Nor was that all. In the summer of 1916 a free fight occurred between Chinese and Japanese soldiers in Cheng-cha-tun, the rights and wrongs of which were, as is usual in such cases, obscure. But the Okuma Cabinet, assuming that the Chinese were to blame, pounced upon the incident and made it the base of fresh demands to China,[247] two of which were manifestly excessive. That China would be better off than she is or is otherwise likely to become under Japanese guidance is in the highest degree probable. But in order that that guidance should be effective it must be accepted, and this can only be the consequence of such a policy of cordiality, patience, and magnanimity as was outlined by my friend, the late Viscount Motono.[248]

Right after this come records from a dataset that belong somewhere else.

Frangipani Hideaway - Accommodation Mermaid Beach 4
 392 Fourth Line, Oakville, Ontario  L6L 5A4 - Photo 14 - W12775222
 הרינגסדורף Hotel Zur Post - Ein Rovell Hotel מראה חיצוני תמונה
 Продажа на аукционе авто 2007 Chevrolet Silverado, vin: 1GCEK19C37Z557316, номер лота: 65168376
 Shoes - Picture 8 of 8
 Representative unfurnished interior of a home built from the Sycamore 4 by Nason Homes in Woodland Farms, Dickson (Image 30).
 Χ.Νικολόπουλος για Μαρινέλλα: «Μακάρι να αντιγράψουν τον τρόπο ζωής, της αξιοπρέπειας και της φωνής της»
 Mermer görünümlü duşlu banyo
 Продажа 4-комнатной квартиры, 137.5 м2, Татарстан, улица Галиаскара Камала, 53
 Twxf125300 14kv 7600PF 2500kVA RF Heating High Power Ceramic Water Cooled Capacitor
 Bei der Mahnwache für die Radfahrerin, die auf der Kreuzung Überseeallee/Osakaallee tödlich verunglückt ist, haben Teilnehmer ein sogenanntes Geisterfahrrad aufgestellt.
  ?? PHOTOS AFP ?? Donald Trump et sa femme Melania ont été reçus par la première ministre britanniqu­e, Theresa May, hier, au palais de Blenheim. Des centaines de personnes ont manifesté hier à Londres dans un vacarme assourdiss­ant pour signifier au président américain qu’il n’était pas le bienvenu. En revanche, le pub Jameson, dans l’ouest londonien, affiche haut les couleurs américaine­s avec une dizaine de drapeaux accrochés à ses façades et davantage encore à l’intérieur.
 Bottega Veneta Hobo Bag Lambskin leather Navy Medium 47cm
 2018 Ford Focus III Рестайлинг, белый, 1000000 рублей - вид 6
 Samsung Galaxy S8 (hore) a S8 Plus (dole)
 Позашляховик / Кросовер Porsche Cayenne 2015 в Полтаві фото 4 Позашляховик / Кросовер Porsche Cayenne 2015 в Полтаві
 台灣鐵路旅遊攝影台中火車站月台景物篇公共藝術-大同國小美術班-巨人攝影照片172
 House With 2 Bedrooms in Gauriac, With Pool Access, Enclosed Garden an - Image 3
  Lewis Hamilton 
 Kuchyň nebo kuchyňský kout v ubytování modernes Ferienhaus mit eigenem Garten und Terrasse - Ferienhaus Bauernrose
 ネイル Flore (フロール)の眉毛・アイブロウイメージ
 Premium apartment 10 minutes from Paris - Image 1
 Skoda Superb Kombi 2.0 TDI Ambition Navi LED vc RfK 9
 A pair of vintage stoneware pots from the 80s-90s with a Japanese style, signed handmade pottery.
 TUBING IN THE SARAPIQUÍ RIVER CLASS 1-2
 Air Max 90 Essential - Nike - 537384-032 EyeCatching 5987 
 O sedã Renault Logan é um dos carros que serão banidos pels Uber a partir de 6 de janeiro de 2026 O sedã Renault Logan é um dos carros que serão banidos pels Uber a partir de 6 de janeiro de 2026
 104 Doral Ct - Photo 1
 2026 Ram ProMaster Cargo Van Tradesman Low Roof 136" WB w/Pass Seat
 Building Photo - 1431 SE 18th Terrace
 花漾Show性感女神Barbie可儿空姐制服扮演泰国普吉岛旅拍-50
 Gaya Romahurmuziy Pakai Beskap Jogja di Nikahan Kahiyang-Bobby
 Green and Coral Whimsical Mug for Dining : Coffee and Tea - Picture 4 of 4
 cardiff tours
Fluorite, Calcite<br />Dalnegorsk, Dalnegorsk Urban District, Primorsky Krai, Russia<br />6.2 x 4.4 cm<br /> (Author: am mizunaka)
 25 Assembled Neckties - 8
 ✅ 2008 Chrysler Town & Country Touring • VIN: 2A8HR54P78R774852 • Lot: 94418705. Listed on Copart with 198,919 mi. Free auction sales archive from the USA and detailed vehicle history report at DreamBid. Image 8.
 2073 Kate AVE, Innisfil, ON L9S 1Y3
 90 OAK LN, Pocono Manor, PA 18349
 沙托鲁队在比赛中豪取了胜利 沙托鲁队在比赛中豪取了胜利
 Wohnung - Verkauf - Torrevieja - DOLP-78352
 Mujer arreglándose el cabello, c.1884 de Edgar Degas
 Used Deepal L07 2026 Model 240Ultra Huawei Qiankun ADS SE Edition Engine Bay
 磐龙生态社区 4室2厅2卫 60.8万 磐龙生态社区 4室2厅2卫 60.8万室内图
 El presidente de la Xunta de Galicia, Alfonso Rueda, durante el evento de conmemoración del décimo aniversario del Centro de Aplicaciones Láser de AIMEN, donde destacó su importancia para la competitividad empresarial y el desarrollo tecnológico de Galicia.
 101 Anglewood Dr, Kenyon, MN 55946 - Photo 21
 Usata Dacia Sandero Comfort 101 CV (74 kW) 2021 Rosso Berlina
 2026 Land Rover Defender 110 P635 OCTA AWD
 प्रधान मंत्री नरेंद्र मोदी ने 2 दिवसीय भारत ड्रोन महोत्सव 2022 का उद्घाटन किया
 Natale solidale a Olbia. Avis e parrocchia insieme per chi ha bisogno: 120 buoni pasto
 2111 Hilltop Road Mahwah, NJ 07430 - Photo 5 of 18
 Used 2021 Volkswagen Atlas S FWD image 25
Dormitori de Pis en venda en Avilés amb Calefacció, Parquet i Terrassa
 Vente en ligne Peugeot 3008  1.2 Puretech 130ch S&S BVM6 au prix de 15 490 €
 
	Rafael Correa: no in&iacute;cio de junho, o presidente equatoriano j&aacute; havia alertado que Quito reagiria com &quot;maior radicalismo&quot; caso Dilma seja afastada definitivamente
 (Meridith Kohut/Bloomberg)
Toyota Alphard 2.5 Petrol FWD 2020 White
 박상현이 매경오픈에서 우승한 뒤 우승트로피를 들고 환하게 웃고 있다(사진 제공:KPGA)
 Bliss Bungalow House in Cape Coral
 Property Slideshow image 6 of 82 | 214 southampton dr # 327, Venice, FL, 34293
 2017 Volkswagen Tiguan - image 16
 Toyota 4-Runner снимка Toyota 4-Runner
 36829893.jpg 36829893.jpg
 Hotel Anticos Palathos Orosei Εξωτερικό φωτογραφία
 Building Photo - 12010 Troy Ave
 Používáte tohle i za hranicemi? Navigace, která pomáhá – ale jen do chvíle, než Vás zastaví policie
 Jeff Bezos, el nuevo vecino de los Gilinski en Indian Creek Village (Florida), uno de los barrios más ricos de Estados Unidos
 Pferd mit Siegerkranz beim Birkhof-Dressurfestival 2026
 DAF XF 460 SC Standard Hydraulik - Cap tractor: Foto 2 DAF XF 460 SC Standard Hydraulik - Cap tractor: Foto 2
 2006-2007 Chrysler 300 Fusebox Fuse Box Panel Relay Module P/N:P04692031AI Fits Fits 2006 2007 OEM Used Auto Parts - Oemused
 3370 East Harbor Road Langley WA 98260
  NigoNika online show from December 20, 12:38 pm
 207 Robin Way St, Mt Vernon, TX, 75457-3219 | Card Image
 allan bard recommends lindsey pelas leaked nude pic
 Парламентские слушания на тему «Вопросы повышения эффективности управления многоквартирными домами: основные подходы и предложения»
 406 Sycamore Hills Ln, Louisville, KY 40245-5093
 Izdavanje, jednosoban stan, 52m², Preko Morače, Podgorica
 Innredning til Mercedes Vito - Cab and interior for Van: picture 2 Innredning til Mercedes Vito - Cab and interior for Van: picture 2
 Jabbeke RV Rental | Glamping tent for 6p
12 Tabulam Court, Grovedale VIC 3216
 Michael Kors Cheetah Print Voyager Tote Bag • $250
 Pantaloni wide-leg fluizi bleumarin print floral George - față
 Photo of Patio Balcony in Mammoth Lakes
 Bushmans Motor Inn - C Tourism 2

At the Conference the policy of the Japanese delegates was clear-cut and coherent. It may be summarized as follows: the Japanese delegation decided to give its entire support to the Allies in all matters concerning the future relations of Germany and Russia, western Europe, the Balkans, the African colonies, as well as financial indemnities and reparations. The fate of the Samoan Archipelago must be determined in accord with Britain and the United States. New Guinea should be allotted to Australia. As the Marshall, Caroline, and Ladrone Islands, although of no intrinsic value, would constitute a danger in Germany's hands, they should be taken over by Japan. Tsingtao and the port of Kiaochow should belong to Japan, as well as the Tainan railway. Japan would co-operate with the Allies in maintaining order in Siberia, but no Power should arrogate to itself a preponderant voice in the matter of obtaining concessions or other interests there. Lastly, the principle of the open door was to be upheld in China, Japan being admittedly the Power which is the most interested in the establishment and maintenance of peace in the Far East.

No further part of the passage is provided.